Хальс пробормотал несколько слов себе под нос, что, очевидно, вполне удовлетворило Берестейна, который, покончив с извинениями, нетерпеливо следил за тем, как художник не торопясь покидает комнату.
Как только тяжелая дубовая дверь закрылась за хозяином дома, Берестейн с живостью повернулся к Диогену.
– Итак, сударь, готовы ли вы выслушать меня? Клянусь честью, это в ваших интересах.
– И, как я понимаю, в ваших тоже, – произнес Диоген, сходя с возвышения и садясь верхом на один из хромоногих стульев лицом к собеседнику, который остался стоять. – В ваших тоже, иначе вы не стали бы в такую мерзкую погоду целых полчаса брести по всяким закоулкам, чтобы узнать, где я живу.
Николас в досаде прикусил губу.
– Вы видели меня?
– У меня глаза на затылке. Я знаю, что вы вместе со своим приятелем следовали за мной от дверей "Хромой коровы" и были поблизости, когда я объявил о своем намерении ночевать под звездами, а потом напроситься на завтрак к моему другу Франсу Хальсу.
Берестейн быстро вернул себе самообладание.
– Мне незачем это отрицать.
– Безусловно.
– Кое-что в вашей манере держаться и то, что вы говорили прошлой ночью, привлекло к вам мое внимание. Надеюсь, вы не находите в этом ничего оскорбительного?
– Нет, разумеется.
– Ваши слова явились причиной того, что я, повинуясь внутреннему голосу, решил не терять вас из виду, для чего следовало во что бы то ни стало определить место вашего обитания. Мы с другом действительно шли за вами и были свидетелями сцены, которая, должен признать, весьма поспособствовала росту доверия к вам.

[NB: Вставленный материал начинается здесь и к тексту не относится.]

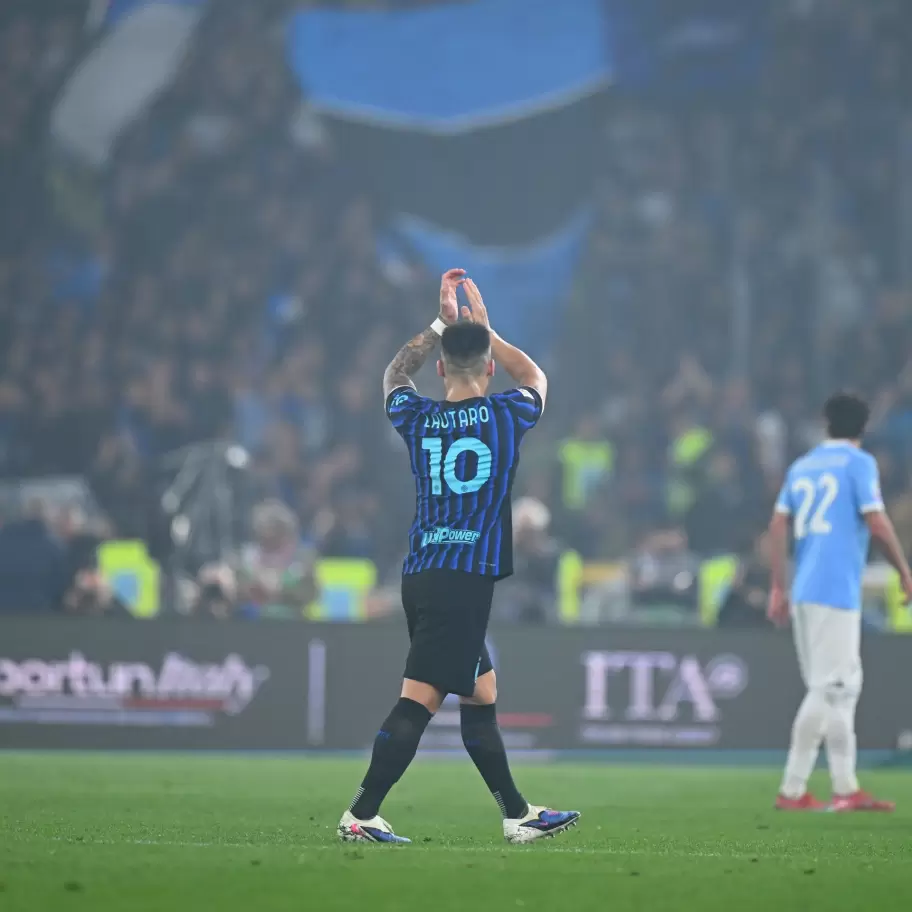 La ovación para el capitán cuando fue sustituido en el segundo tiempo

Диоген ответил легким поклоном.
– Ваш поступок, сударь, – продолжал Берестейн после минутной паузы, – показал, что вы благородны до безрассудства, добросердечны и отважны – три качества, которые я, подобно вашему прославленному тезке, так часто тщетно пытался найти в людях.

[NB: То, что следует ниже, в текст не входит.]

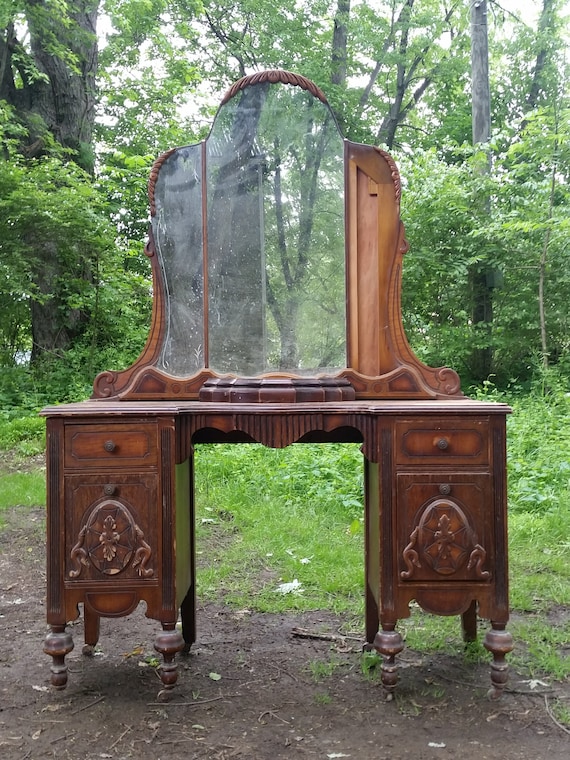 1930's vanity dresser with mirror online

– Полагаю, сударь, – с улыбкой заметил Диоген, – что правды ради к этому следует добавить, что я очевидно без гроша в кармане, предположительно неразборчив в средствах и определенно не страшусь риска – и что именно эти три качества в настоящий момент наиболее ценны для вас и вашего друга в человеке, которому вы готовы заплатить за некоего рода услуги.
– Вы читаете мои мысли.
– Я же говорил, что у меня еще одна пара глаз.
Николас Берестейн невольно подумал, был ли взгляд этой второй пары глаз столь же веселым и насмешливым и столь же загадочным, как и устремленный на него в данную минуту.
– Что ж, – произнес он с внезапной решимостью, – я и на этот раз ничего не намерен отрицать. Ваша проницательность вас не подвела. Мне могут понадобиться ваши услуги, ваши доблесть и отвага и, – поколебавшись, добавил он, – в не меньшей степени готовность к риску и несклонность лишний раз прислушиваться к голосу совести. Касательно же вашей стесненности в средствах, сударь, то стоит вам захотеть, и нужда навсегда отступится от вас.
– Звучит очень заманчиво, – промолвил Диоген с самой очаровательной из своих улыбок. – Но, полагаю, пора уже оставить прелюдии и перейти наконец к делу.
– Как вам будет угодно.
Николас Берестейн, придвинув второй стул вплотную к собеседнику, уселся и, понизив голос до шепота, заговорил:
– Моя речь будет возможно краткой и по существу. Вам, вероятно, известно, что бывают секреты, проникнуть в которые значит навлечь на себя опасность. Один из таких секретов минувшей ночью после новогодней службы обсуждался в соборе шестью смельчаками, готовыми пожертвовать своими жизнями на благо родины и религии.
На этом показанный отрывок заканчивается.